The data and voice recordings stopped at 2:14 G.M.T., three and a half minutes after the first stall warning.

READ MORE: NY TIMES



8 Responses

  1. Were they not in radar’s view of any Air Traffic Control? If they lost their own bearing, why couldn’t a ground reference help out?

  2. Horrible tragedy but why “11000 feet per second?”
    Sounds dramatic (big number) but that is about 125 MPH.

  3. #4 actually its over 200MPH!
    What may be suprising is that it is very slow for a plane! not good enough for staying in the air when you are going down!
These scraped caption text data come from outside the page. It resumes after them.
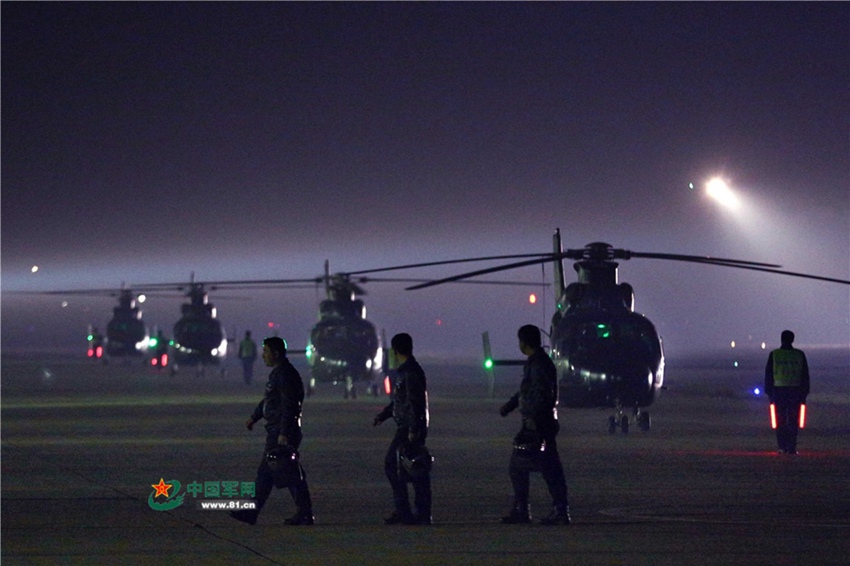 중국 공군 학교의 야간 비행 훈련, 헬리콥터 곡예비행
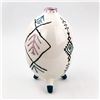 Image 3 : 3 FOOTED EGG SHAPED PORCELAIN ZARA HOME VASE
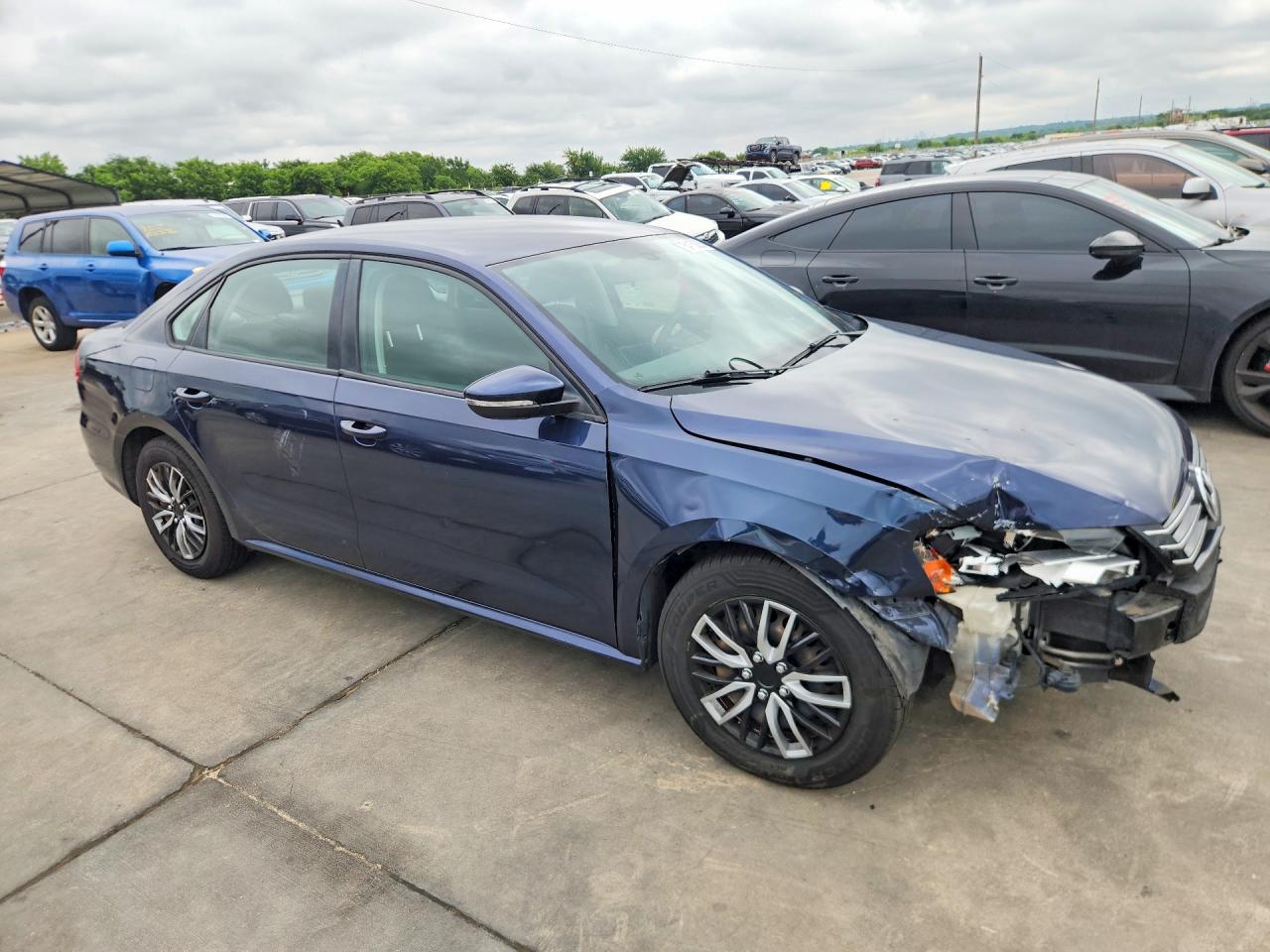 2012 VOLKSWAGEN PASSAT S photo 7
  4. Usually YWN has better info than most other news sites, but this article, ah, needs improvement. The plane engines never stalled or needed to be restarted. The plane itself stalled, which means the air was not flowing over the wings fast enough to create lift. While the speed drop may have initially occurred as a result of the defective air speed measuring devices, once the pilots were warned by “stall warning alarms” going off, they absolutely should have LOWERED the nose of the plane to improve the wing air speed and increase lift, till things stabilized. Instead they did the opposite, which further slowed the plane, and that puzzles investigators. Perhaps they panic-ed, and forgot their training?? An appalling & deadly possibility. Because even if other plane sensors were giving other defective measurements, it’s still nose DOWN. Unless you think the ocean is only a thousand feet below you? Or was the plane suffering from severe icing conditions and then were they trying to pull up over a cloud causing the trouble? (Severe icing dangerously changes the shape of the wings and can cause loss of lift even at normal air speeds) But the crisis started at 38,000 feet- they certainly had plenty time to dive and pull out of the stall before being anywhere near the ocean. Instead, according to what the data boxes show, approximately FOUR MINUTES LATER the plane hit the water, FALLING at 10-11000 ft per minute with the nose STILL POINTED UP. A horribly unfortunate, deadly outcome and a disturbingly, terrifying ending for the people on board.

  5. #4; Um, the article says 11,000 feet per minute, not per second. That’s the vertical descent rate, not the jet’s airspeed, which was probably several hundreds of mph. Normal descent rate is 1000 – 2000 feet per minute, so this plane was dropping like a rock.

    11,000 feet per second is 7500 mph. Not too many jets I know can fly that fast.